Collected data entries

+++

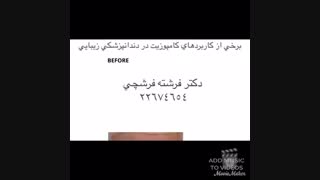 برخی از کاربردهای کامپوزیت در دندانپزشکی زیبایی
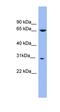 Monoamine Oxidase A antibody, orb330821, Biorbyt, Western Blot image 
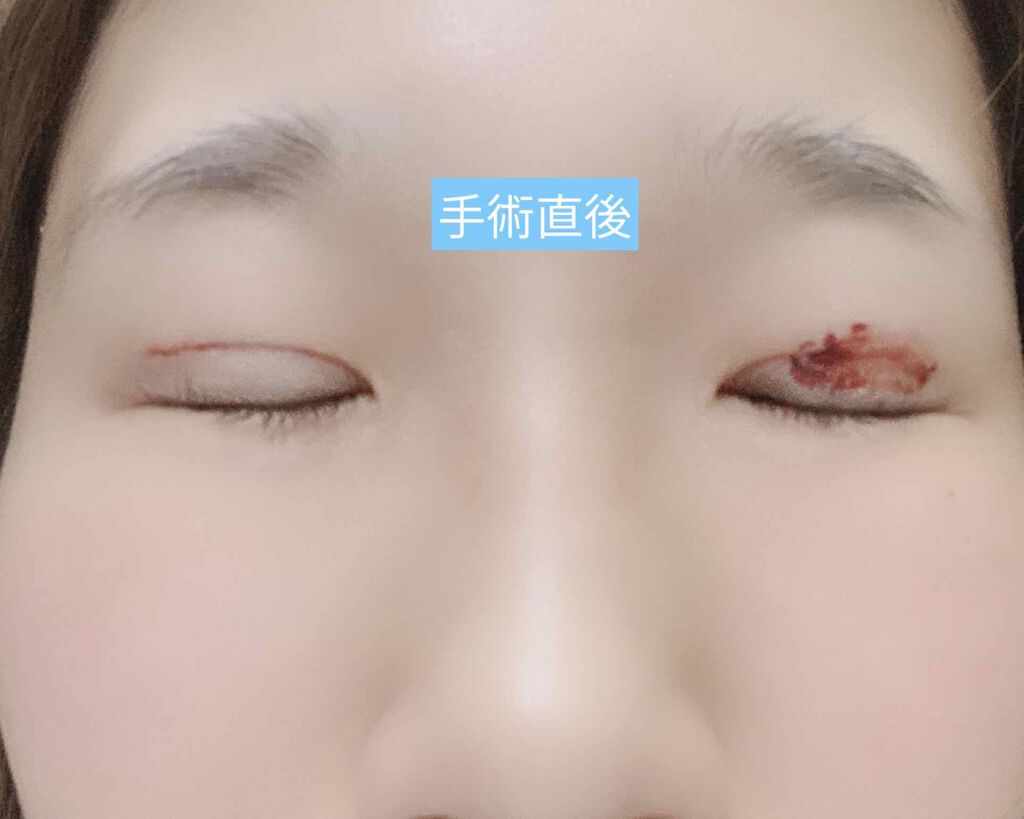 海悠 on LIPS 「二重整形してきました。ずっと一重で悩んでて、お母さんやおばあち..」(2枚目)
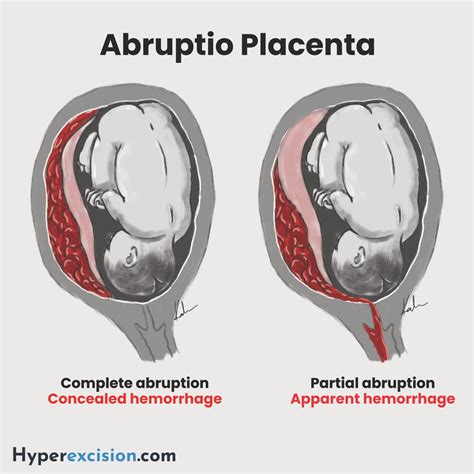 Placental Abruption (Abruptio Placentae) - Hyperexcision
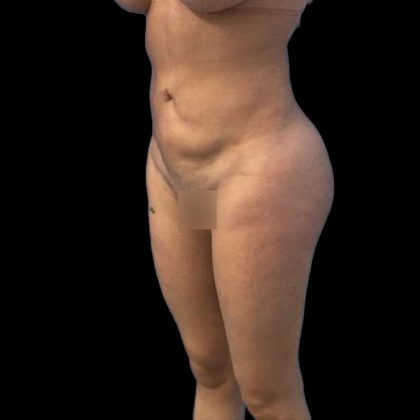 Brazilian Butt Lift Before & After Patient #219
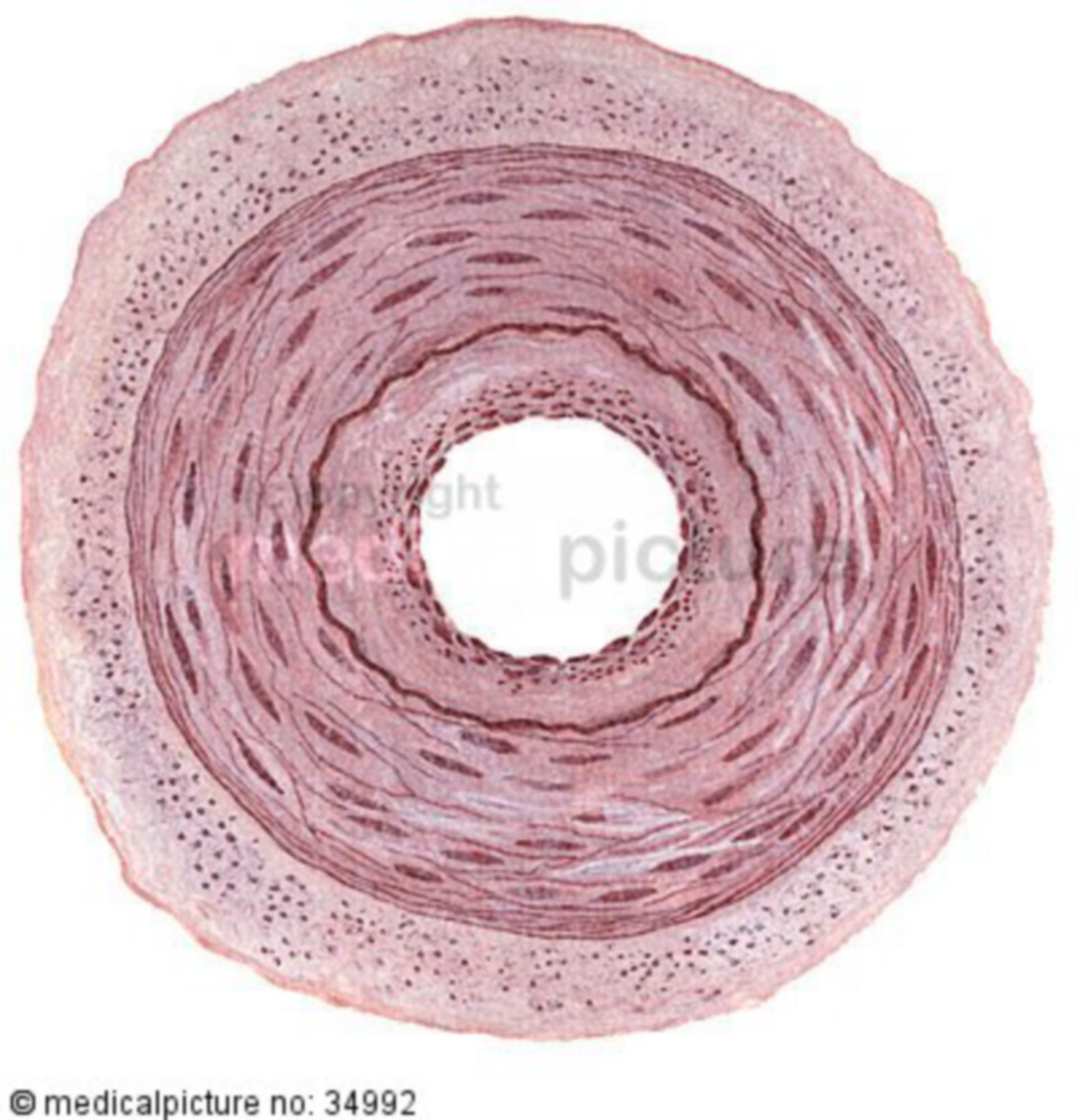  Arterie im Querschnitt 
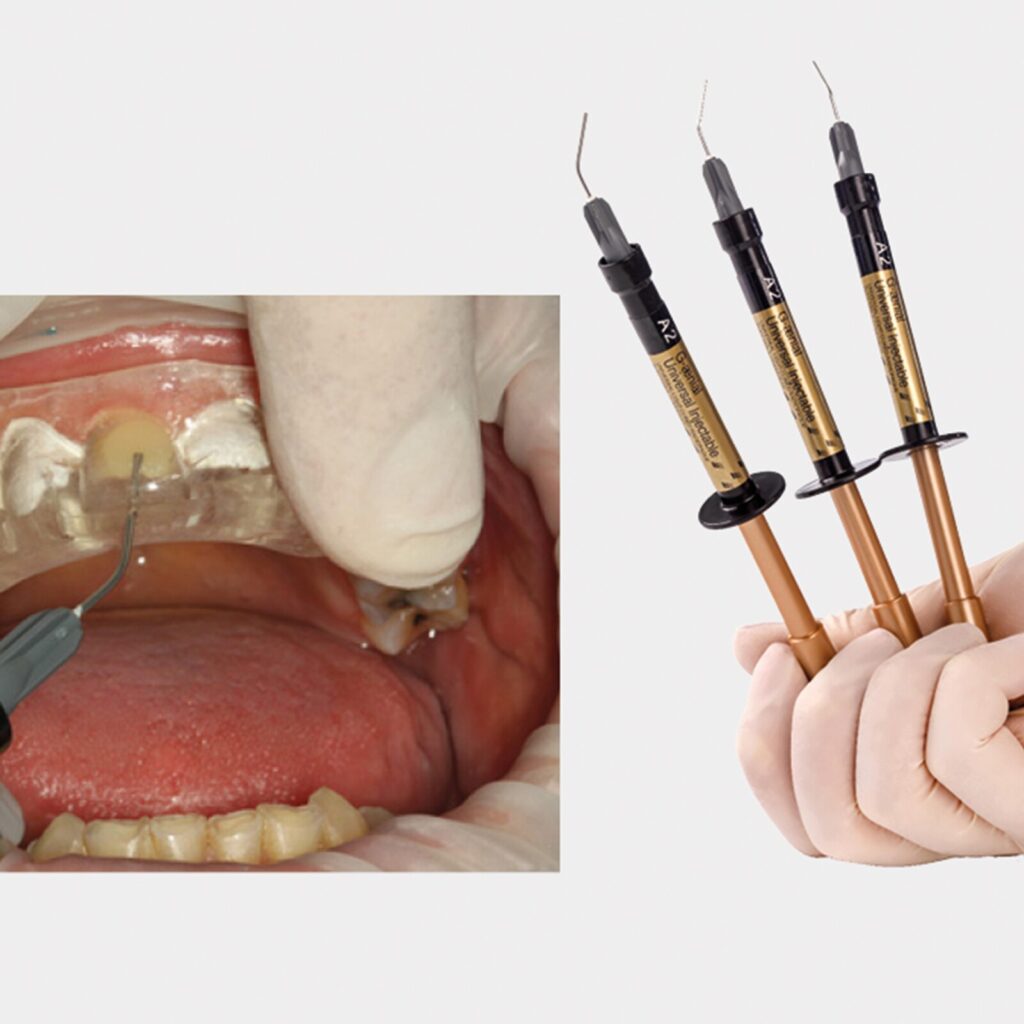 set up 1600px fit (6)-min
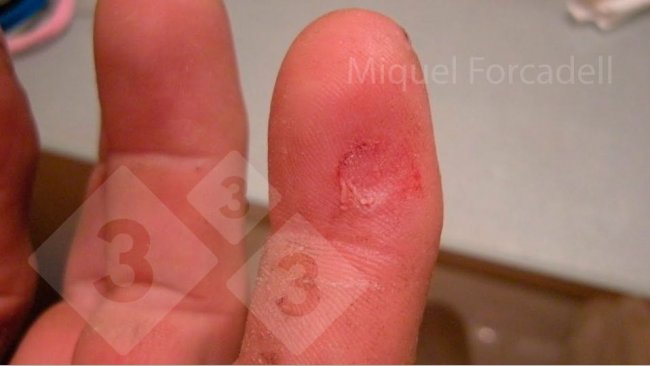 The small, sharp teeth of the piglets can cause these bothersome injuries to the workers' fingers during tooth grinding.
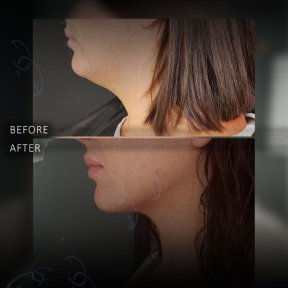 Before and after chin liposuction results at Dr. Safa Manav Clinic, improved jawline contour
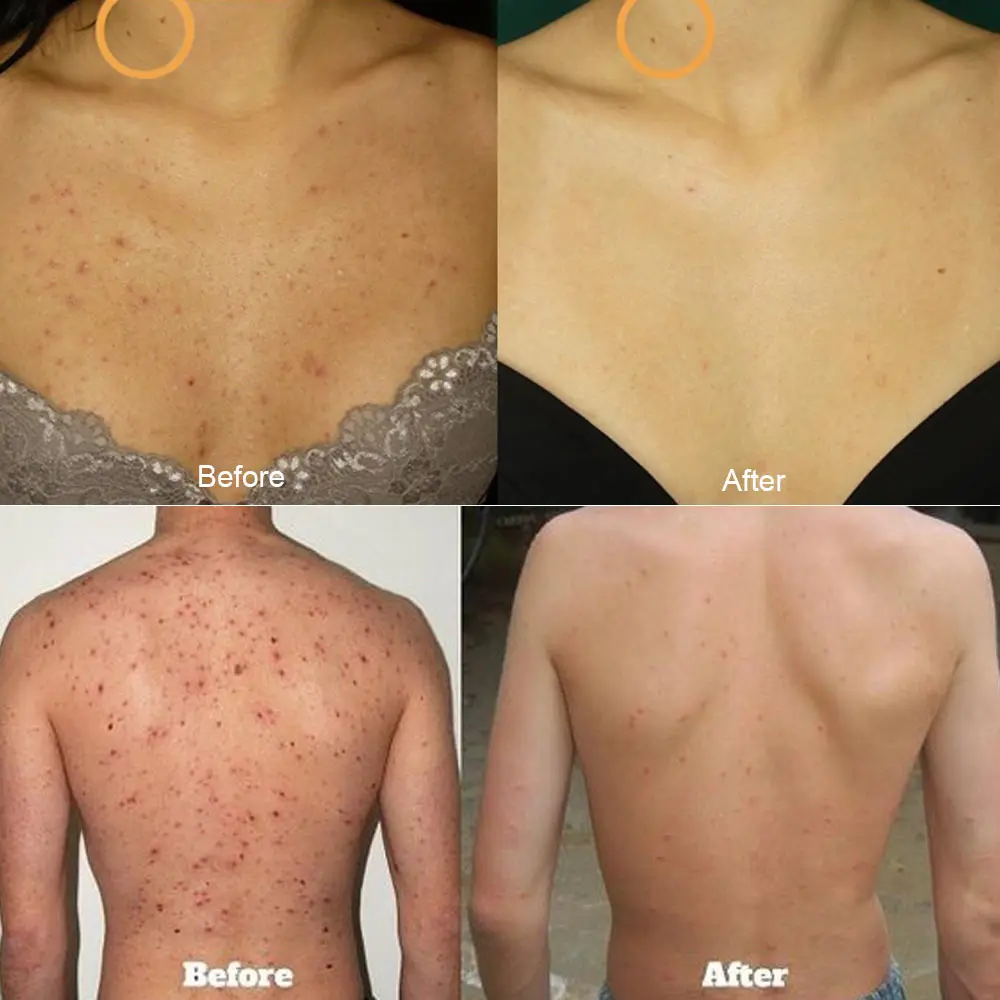 Мыло с морской солью 3 шт. мыло козьим молоком увлажняющее Отбеливающее средство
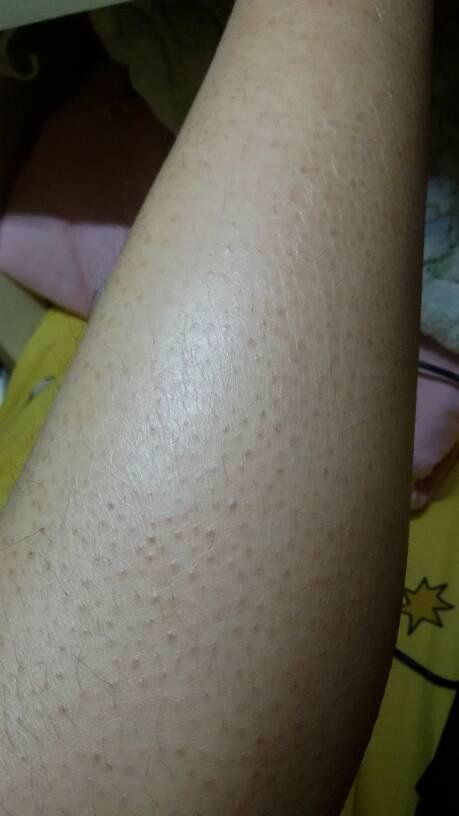 大概是毛周角化症,遗传病,好不了,只能尽量改善.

+++

> Instructions to follow: Find the line containing "Brazilian Butt Lift", then extract it and every line after it to the end of the data above, exactly and nothing else, without pictures.

> Written solution:
 Brazilian Butt Lift Before & After Patient #219
  Arterie im Querschnitt 
 set up 1600px fit (6)-min
 The small, sharp teeth of the piglets can cause these bothersome injuries to the workers' fingers during tooth grinding.
 Before and after chin liposuction results at Dr. Safa Manav Clinic, improved jawline contour
 Мыло с морской солью 3 шт. мыло козьим молоком увлажняющее Отбеливающее средство
 大概是毛周角化症,遗传病,好不了,只能尽量改善.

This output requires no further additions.